# Duda proyecto: Temporizador de luces de posición



## superdog13 (May 19, 2012)

Bueno, he estado mirando los proyectos que se encuentran por el foro, y este me llamó la atención.

Antes que nada, dejo el link de la página del proyecto y el diagrama eléctrico del mismo:

Temporizador de luces de posición







Ahora, las dudas que tengo son:

Los 12V pueden provenir de una cantidad N de pilas (AA,AAA,cuadradas,redondas,etc.) o debe manejarse de alguna forma con la batería del vehículo ???

La iluminación se maneja a través de qué dispositivo ??? De los bombillos propios del vehículo o son externos ???


----------



## DOSMETROS (May 19, 2012)

superdog13 dijo:


> Ahora, las dudas que tengo son:
> 
> Los 12V pueden provenir de una cantidad N de pilas (AA,AAA,cuadradas,redondas,etc.) o debe manejarse de alguna forma con la batería del vehículo ???
> 
> La iluminación se maneja a través de qué dispositivo ??? De los bombillos propios del vehículo o son externos ???


 
1) - De la propia batería

2) - De las propias luces (bajas) del automovil.

Saludos !


----------



## superdog13 (May 19, 2012)

Y, el pulsador a dónde iría ???

Para qué se usa el interruptor en los focos del vehículo ???


----------



## DOSMETROS (May 19, 2012)

El pulsador , lo ponés donde mas te gusta.
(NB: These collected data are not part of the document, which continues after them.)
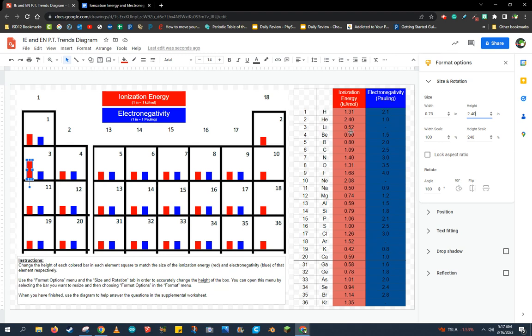Now I'm going to continue to do that for all the other elements in these first four periods on the periodic table. And then I'm going to go back and do the same thing for all the electronegativity values or the blue bars for each element.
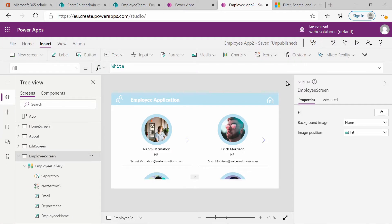Hello and welcome to the series on Microsoft Power Apps. In this video we will be looking at the Power Apps search function and we will be extending our application by adding a search box to search for employees based on name and surname.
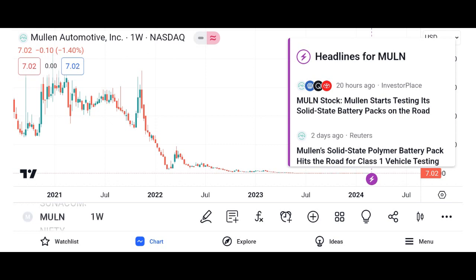Investment thesis: present the investment thesis for Micron stock, including reasons to consider investing in the company. Discuss potential catalysts for future growth, such as increasing demand for memory and storage solutions, advancements in technology, and expansion into new markets. Address potential risks and challenges facing Micron, such as the cyclical nature of the semiconductor industry, supply chain disruptions, and regulatory issues.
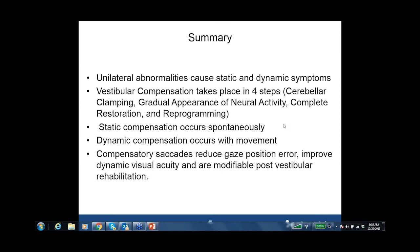Dr. Schubert agrees there's a lot we don't understand about differences in compensatory strategies across different velocities, different types of head rotation — active versus passive — and what strategies a person is able to recruit. We're running a little over time but there are some interesting questions, so we'll continue for a few more minutes.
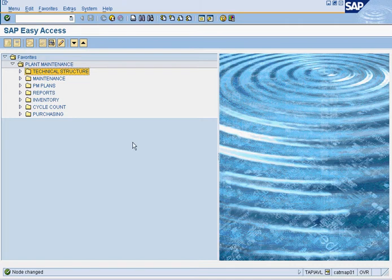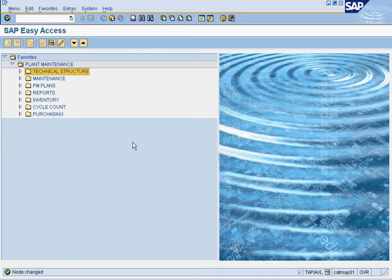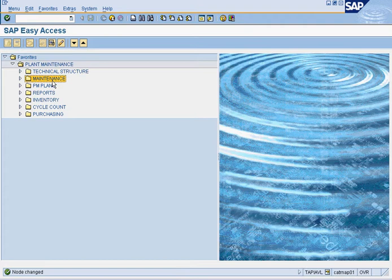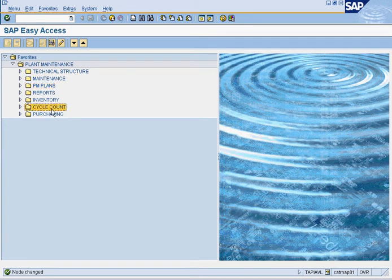The first section that exists is the technical structure section. Second structure is the maintenance section, then preventive maintenance. We're going to have inventory, cycle count, purchasing, and reports.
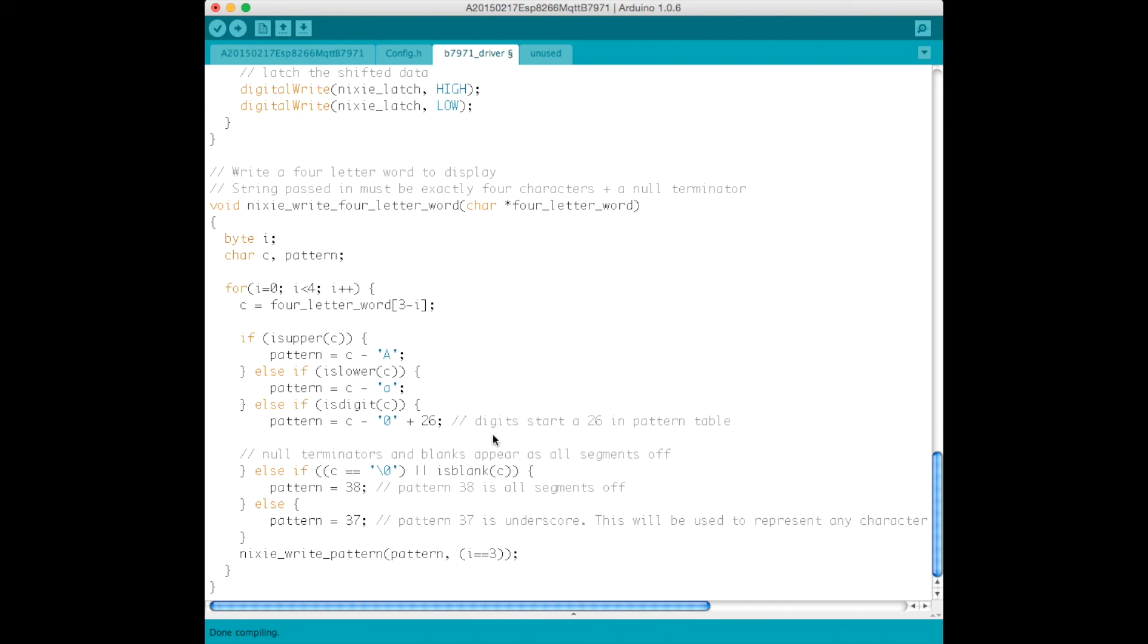And of course, with a little bit of work, the code could be changed to support other topics, that perhaps would show different kinds of animations for the display. And it could also be used to support the display of much longer than four-letter strings, by essentially scrolling the display. So, lots of places to go with this project.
El uso , es para que te deje las luces encendidas unos largos segundos , eso te permitiría ver en el garage aunque ya lo hayas cerrado.
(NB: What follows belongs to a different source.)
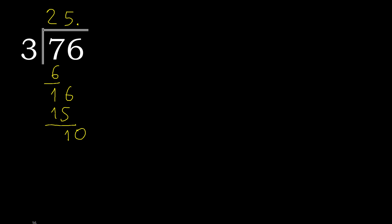3 multiplied by 4 is 12, is greater, therefore multiply by 3. 9. Subtract, complete.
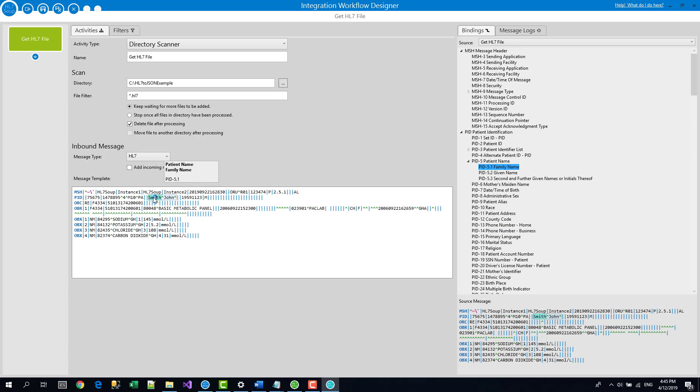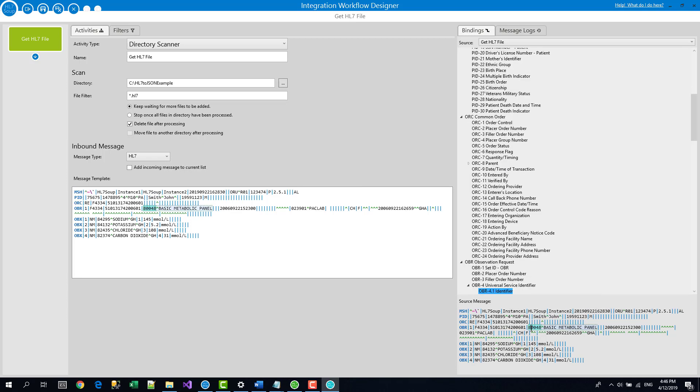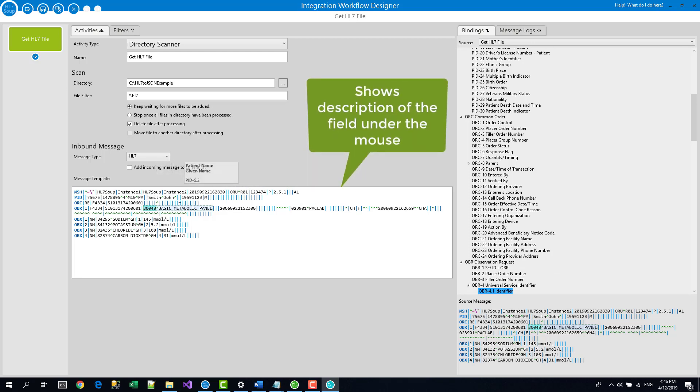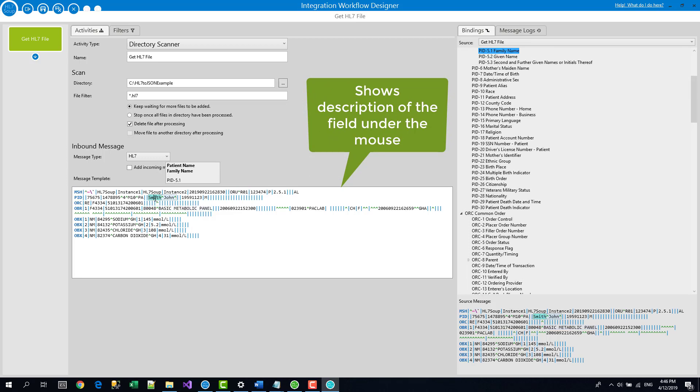Vice versa, if I click on something in the message template, it highlights back in the tree. And there's also the search message one. And that's handy because we won't always be able to see the message template as we're working through this. Another thing that's helpful to notice is as you move your mouse over the HL7 message, you automatically get a highlight of where you are inside the message so you can easily find what you're looking at.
Lo dice en el link que vos mismo pusiste : Temporizador de luces de posición

Saludos !


----------



## superdog13 (May 19, 2012)

DOSMETROS dijo:


> El pulsador , lo ponés donde mas te gusta.



  

No, me refiero a que este pulsador es el que activa el circuito, no ???
Si es así, debe ir colocado en un lugar estratégico, o eso creo 



DOSMETROS dijo:


> El uso , es para que te deje las luces encendidas unos largos segundos , eso te permitiría ver en el garage aunque ya lo hayas cerrado.



Pero, para qué el interruptor ???
O mejor dicho, cómo se activa el interruptor ???


----------



## DOSMETROS (May 19, 2012)

El otro es el interruptor original del vehículo


----------



## superdog13 (May 19, 2012)

DOSMETROS dijo:


> El otro es el interruptor original del vehículo



  

Pequeño detalle que pasé por alto  

En cuanto al pulsador, de qué forma debe activarse ???
En el link dice que al sentir presión (cosa obvio, no ???  ) pero al momento de abrir la puerta, qué tipo de presión (o de qué modo) debe ser activado ???


----------



## DOSMETROS (May 19, 2012)

superdog13 dijo:


> En cuanto al pulsador,* de qué forma debe activarse* ???


 
Con el dedo


----------



## Bruno nicolas albani (Nov 19, 2012)

Hola que tal? Me gusto mucho tu proyecto! Me seria muy util con un excepción! Yo quería aplicarlo a mi vehículo pero para ser activado con el bloqueo o apertura de mi alarma. Como aplicaría usted esta reforma? Obviamente mi alarma realiza dos destellos pero de mis balizas. Mi idea era puentear esta salida con tu circuito temporizador. Como me recomendás que lo realice?


----------